[Task prompt]: The lines from the one holding "Solid Acacia Wood" to the final line of the listing below are to be duplicated exactly, with both ends included and pictures omitted.

[Input data]:
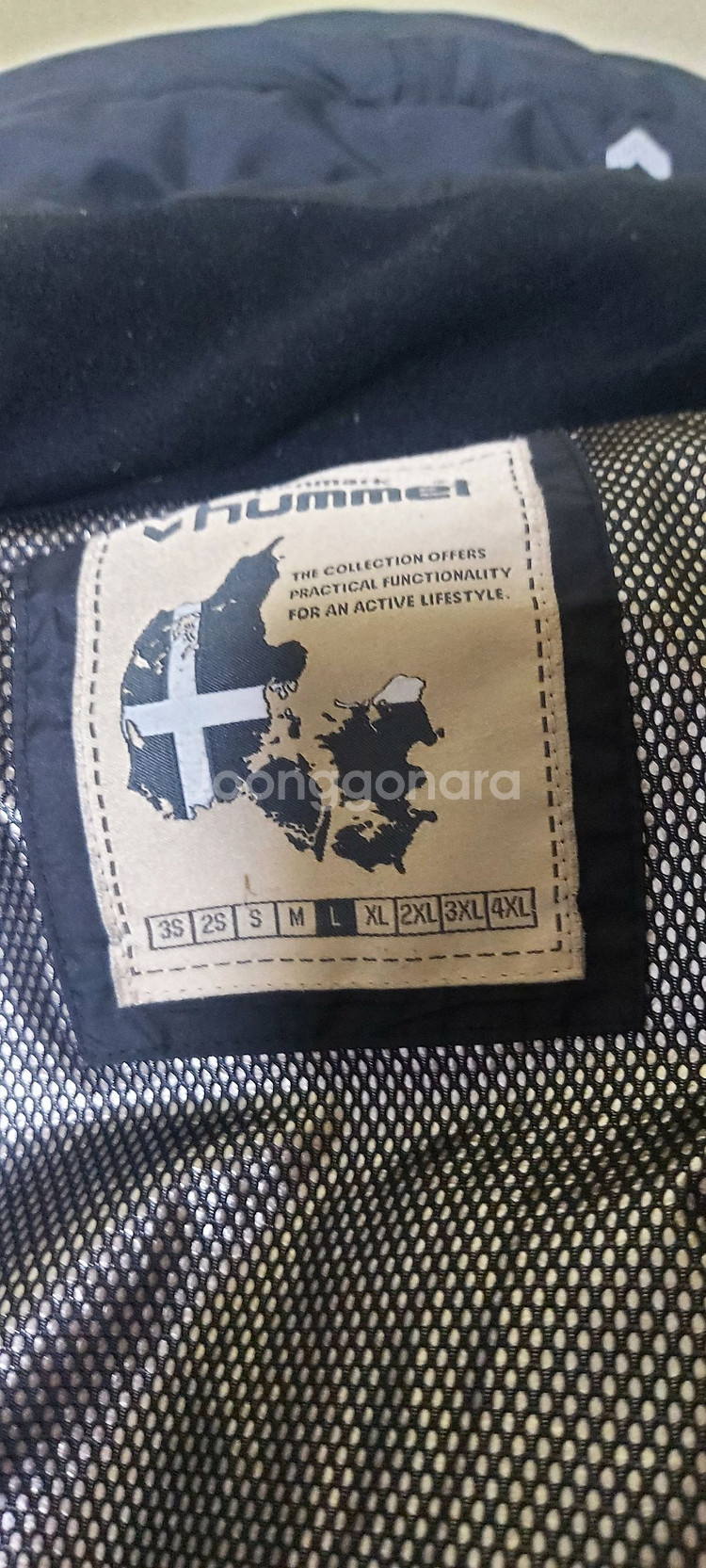 험멜 남성용 덕다운 하프패딩,벤치코트,다운자켓,L--8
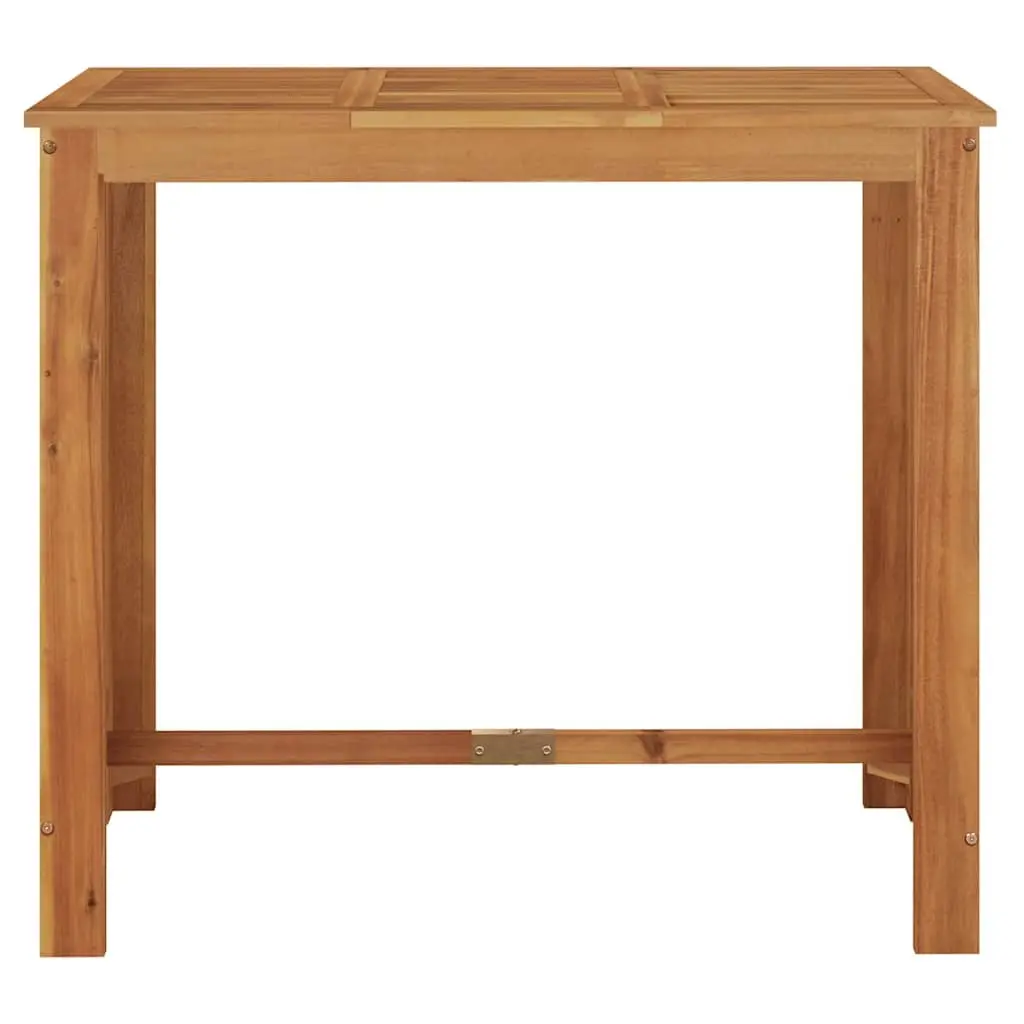 Solid Acacia Wood Garden Bar Table 120x60x105 cm Brown Outdoor Indoor Dining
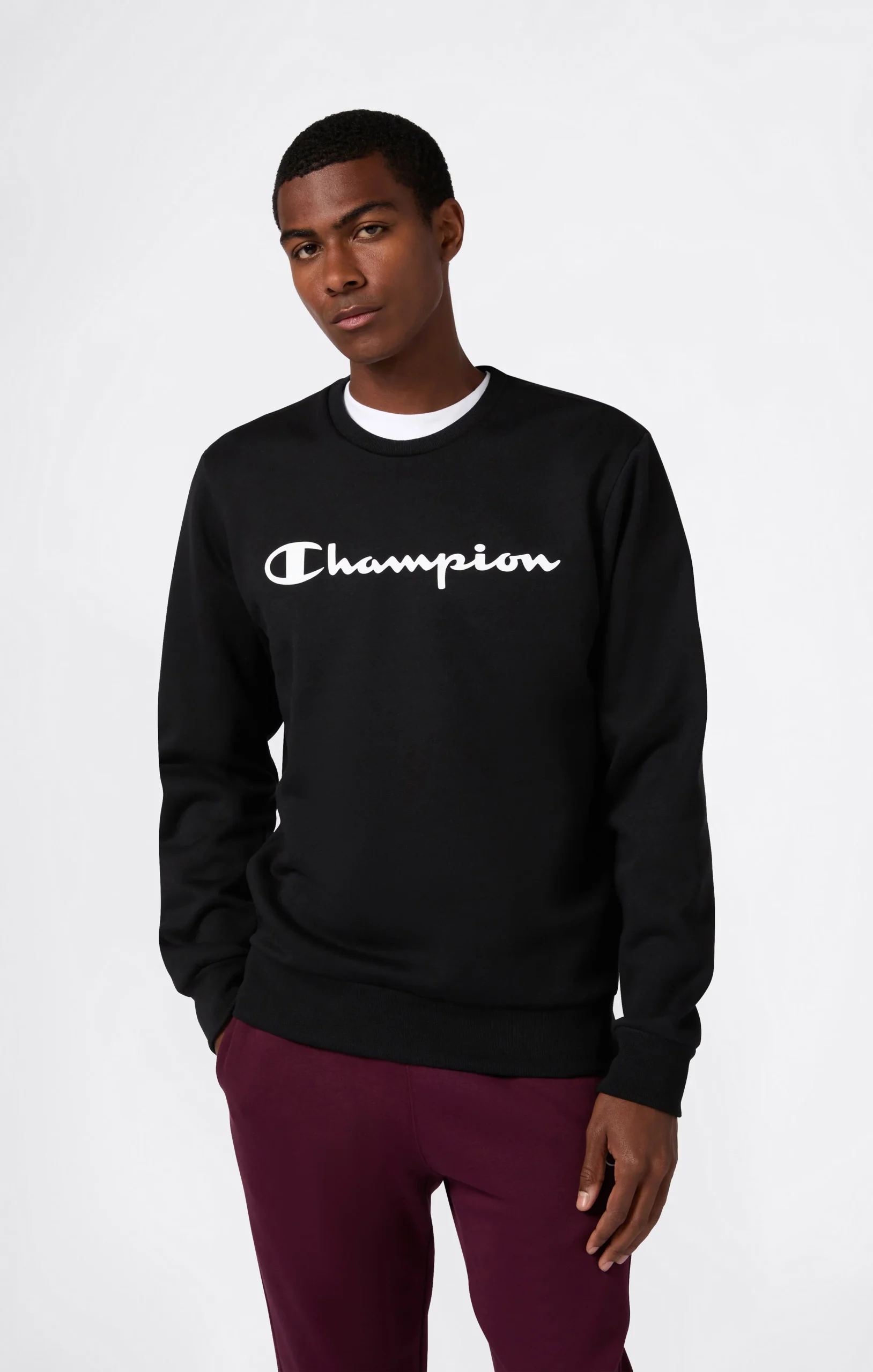Men’s Fleece Crewneck Sweatshirt Script Logo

[Result of the exercise]:
 Solid Acacia Wood Garden Bar Table 120x60x105 cm Brown Outdoor Indoor Dining
Men’s Fleece Crewneck Sweatshirt Script Logo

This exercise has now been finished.